[Web page caption snippets]

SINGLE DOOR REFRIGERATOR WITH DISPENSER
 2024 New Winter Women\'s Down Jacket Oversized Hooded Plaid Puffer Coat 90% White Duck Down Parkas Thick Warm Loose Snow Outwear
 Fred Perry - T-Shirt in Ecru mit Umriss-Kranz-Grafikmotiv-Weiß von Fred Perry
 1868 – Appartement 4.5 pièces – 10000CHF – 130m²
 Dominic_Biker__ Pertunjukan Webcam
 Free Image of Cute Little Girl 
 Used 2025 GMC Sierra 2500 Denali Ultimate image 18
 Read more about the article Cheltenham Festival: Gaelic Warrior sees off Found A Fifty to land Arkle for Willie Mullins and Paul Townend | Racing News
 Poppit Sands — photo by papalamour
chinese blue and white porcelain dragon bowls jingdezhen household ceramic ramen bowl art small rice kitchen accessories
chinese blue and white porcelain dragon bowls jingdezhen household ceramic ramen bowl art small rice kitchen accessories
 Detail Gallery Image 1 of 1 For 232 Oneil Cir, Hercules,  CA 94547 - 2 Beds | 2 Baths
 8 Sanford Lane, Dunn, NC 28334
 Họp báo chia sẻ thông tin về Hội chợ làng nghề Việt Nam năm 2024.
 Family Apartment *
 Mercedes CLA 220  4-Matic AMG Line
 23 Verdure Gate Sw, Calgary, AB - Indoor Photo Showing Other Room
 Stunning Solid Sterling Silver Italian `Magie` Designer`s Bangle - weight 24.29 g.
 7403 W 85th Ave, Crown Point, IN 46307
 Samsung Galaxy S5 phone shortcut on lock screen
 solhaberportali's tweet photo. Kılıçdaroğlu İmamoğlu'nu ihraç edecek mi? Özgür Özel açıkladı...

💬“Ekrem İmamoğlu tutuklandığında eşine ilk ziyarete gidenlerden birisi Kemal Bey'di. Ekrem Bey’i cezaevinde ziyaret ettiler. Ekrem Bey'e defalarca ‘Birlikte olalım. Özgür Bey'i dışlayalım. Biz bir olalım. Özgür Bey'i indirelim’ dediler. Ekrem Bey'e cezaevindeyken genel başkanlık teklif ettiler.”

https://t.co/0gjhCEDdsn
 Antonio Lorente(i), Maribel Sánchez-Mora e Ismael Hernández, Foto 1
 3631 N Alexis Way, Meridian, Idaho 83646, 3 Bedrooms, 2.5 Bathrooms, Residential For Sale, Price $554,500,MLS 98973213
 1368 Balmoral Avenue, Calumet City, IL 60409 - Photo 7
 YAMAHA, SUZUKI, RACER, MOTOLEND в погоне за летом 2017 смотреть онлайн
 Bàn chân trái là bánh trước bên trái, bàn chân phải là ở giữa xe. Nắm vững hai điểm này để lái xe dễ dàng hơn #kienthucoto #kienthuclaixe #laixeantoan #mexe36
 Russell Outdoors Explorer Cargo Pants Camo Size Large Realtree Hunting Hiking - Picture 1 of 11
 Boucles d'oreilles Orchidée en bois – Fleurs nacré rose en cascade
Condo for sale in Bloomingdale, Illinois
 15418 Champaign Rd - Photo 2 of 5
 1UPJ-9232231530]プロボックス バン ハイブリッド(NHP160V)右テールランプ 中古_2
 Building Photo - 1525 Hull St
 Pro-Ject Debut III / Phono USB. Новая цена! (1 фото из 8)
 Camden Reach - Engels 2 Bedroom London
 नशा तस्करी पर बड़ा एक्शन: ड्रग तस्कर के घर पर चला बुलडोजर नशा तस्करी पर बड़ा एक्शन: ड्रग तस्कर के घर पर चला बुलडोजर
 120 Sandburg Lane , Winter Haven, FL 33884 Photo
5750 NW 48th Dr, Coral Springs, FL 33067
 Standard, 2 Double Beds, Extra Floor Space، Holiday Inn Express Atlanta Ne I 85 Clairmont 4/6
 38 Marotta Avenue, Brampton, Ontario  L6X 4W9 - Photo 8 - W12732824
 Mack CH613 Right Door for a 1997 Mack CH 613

• Required action: Please copy, exactly and with nothing else, the lines above beginning at the line that has "Samsung Galaxy S5" and ending with the line that has "YAMAHA, SUZUKI, RACER, MOTOLEND".

• Reply:
 Samsung Galaxy S5 phone shortcut on lock screen
 solhaberportali's tweet photo. Kılıçdaroğlu İmamoğlu'nu ihraç edecek mi? Özgür Özel açıkladı...

💬“Ekrem İmamoğlu tutuklandığında eşine ilk ziyarete gidenlerden birisi Kemal Bey'di. Ekrem Bey’i cezaevinde ziyaret ettiler. Ekrem Bey'e defalarca ‘Birlikte olalım. Özgür Bey'i dışlayalım. Biz bir olalım. Özgür Bey'i indirelim’ dediler. Ekrem Bey'e cezaevindeyken genel başkanlık teklif ettiler.”

https://t.co/0gjhCEDdsn
 Antonio Lorente(i), Maribel Sánchez-Mora e Ismael Hernández, Foto 1
 3631 N Alexis Way, Meridian, Idaho 83646, 3 Bedrooms, 2.5 Bathrooms, Residential For Sale, Price $554,500,MLS 98973213
 1368 Balmoral Avenue, Calumet City, IL 60409 - Photo 7
 YAMAHA, SUZUKI, RACER, MOTOLEND в погоне за летом 2017 смотреть онлайн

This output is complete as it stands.